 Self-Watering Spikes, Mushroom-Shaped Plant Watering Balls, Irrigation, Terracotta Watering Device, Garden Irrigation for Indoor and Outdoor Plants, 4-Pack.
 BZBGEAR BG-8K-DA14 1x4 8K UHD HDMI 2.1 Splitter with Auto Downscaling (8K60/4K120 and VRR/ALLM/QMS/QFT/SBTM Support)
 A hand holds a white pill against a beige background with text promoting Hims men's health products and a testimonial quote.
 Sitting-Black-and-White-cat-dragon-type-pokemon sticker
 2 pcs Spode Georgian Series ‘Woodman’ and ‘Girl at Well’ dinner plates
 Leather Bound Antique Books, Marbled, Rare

...

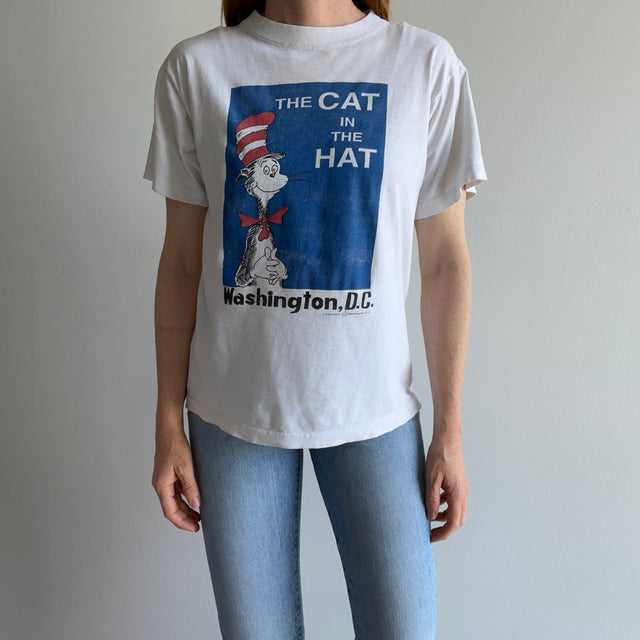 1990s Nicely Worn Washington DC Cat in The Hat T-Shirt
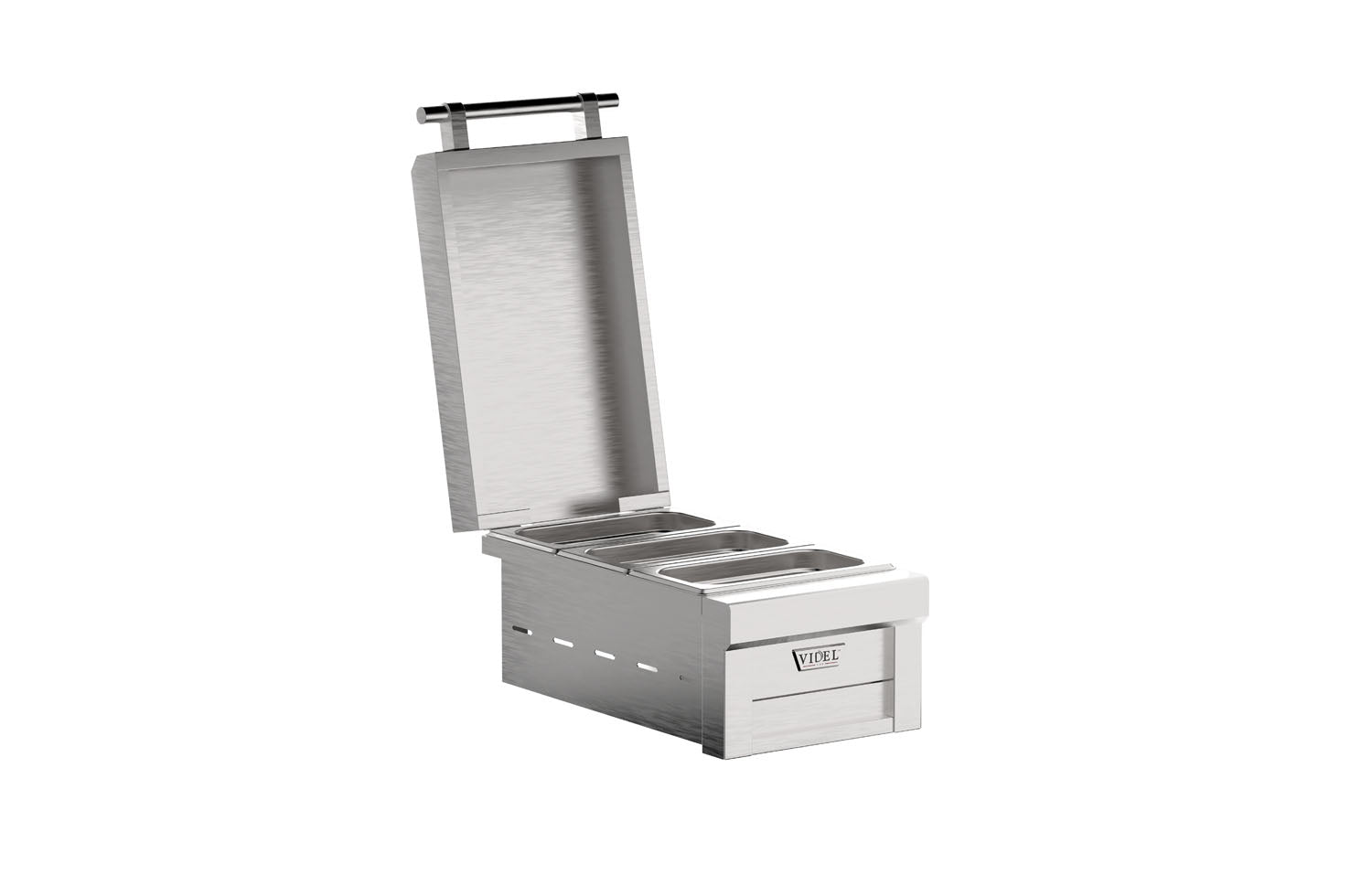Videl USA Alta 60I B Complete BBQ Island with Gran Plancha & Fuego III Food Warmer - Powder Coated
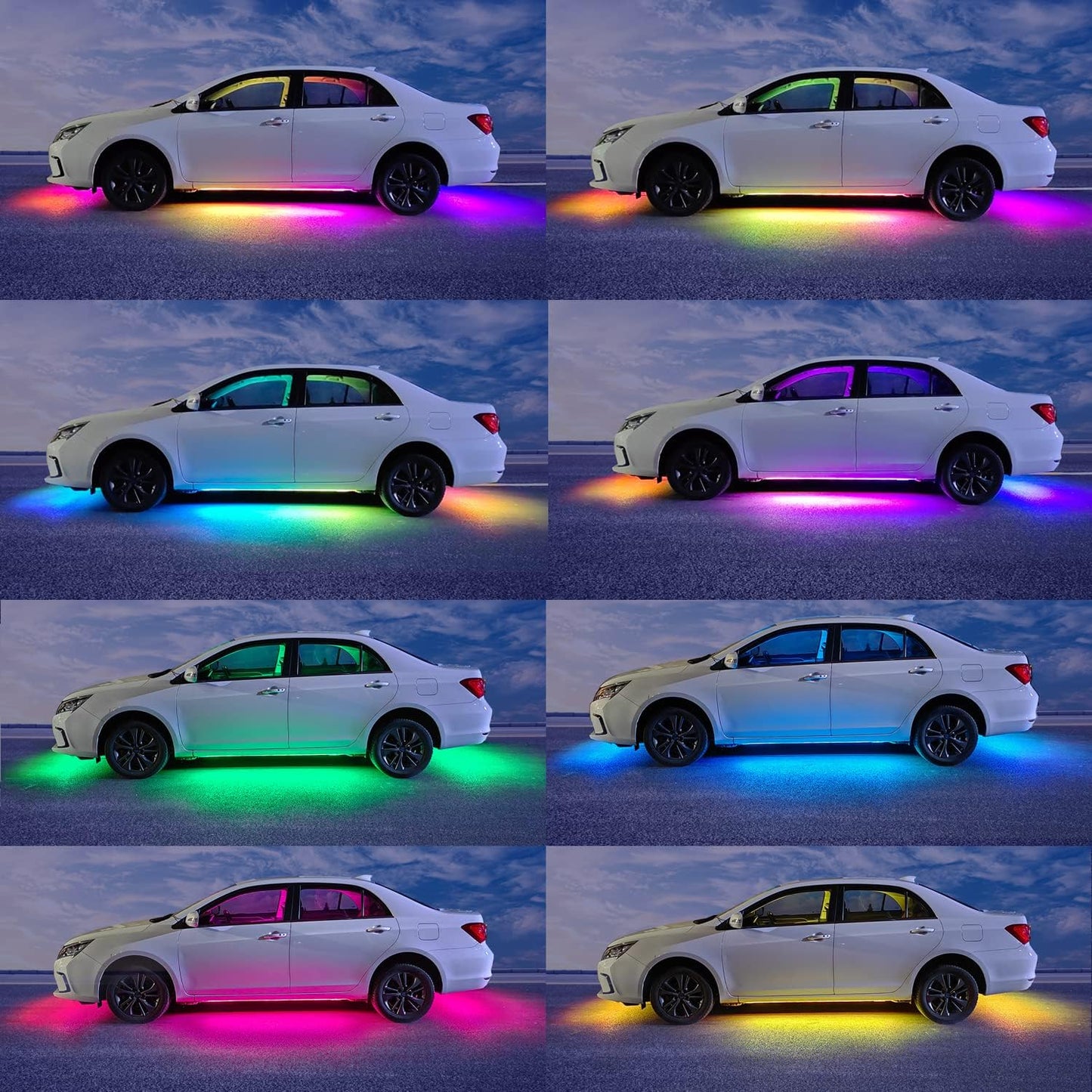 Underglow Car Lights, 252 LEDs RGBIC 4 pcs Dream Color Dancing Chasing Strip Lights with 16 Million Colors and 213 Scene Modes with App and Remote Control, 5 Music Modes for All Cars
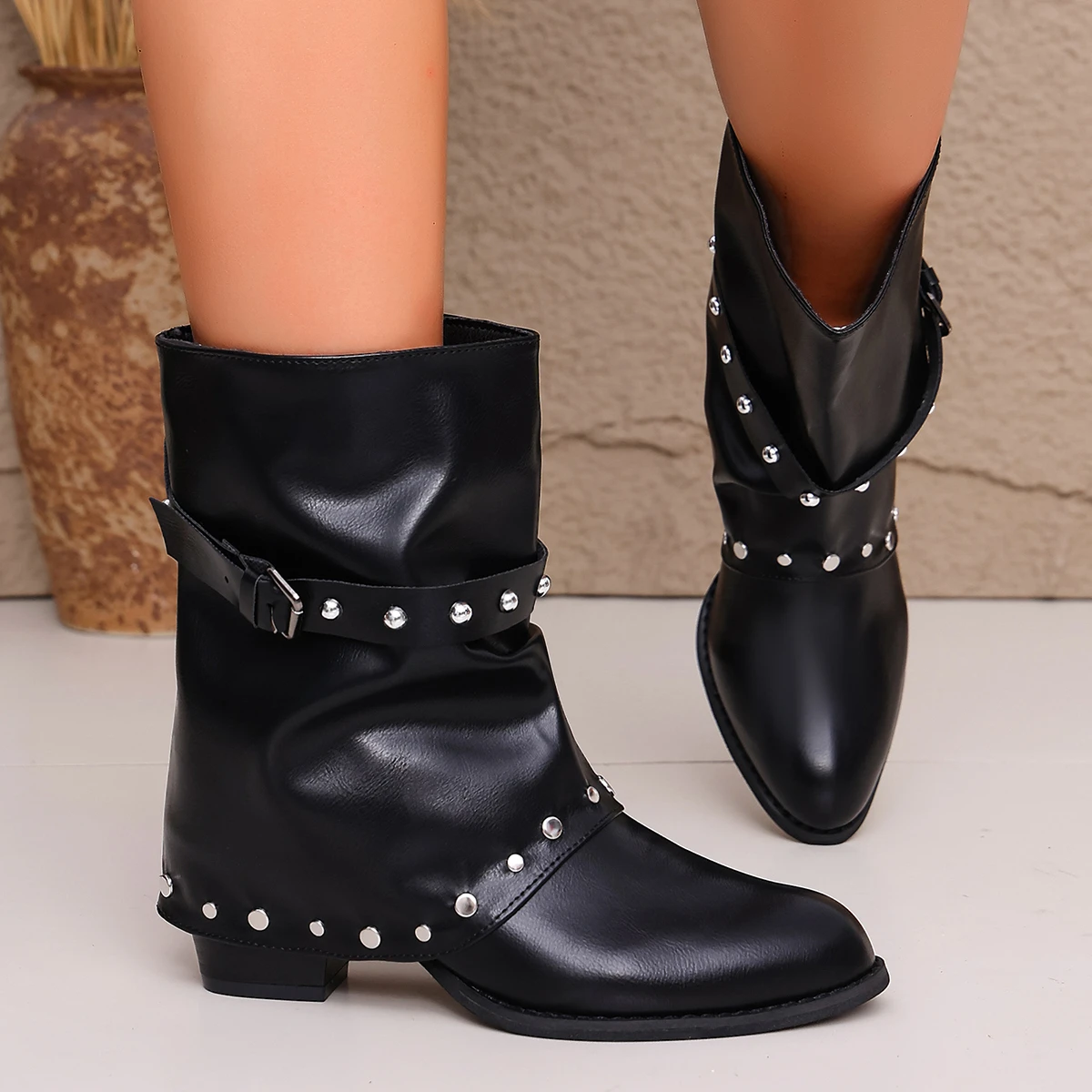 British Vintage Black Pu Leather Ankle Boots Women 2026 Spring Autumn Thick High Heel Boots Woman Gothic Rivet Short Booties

EXERCISE REQUIREMENTS: Copy the lines above exactly, beginning at the line that has "Self-Watering Spikes, Mushroom-Shaped" and stopping after the line that has "Leather Bound Antique Books, Marbled, Rare", and omit the rest.

RESPONSE TO THIS TASK:
 Self-Watering Spikes, Mushroom-Shaped Plant Watering Balls, Irrigation, Terracotta Watering Device, Garden Irrigation for Indoor and Outdoor Plants, 4-Pack.
 BZBGEAR BG-8K-DA14 1x4 8K UHD HDMI 2.1 Splitter with Auto Downscaling (8K60/4K120 and VRR/ALLM/QMS/QFT/SBTM Support)
 A hand holds a white pill against a beige background with text promoting Hims men's health products and a testimonial quote.
 Sitting-Black-and-White-cat-dragon-type-pokemon sticker
 2 pcs Spode Georgian Series ‘Woodman’ and ‘Girl at Well’ dinner plates
 Leather Bound Antique Books, Marbled, Rare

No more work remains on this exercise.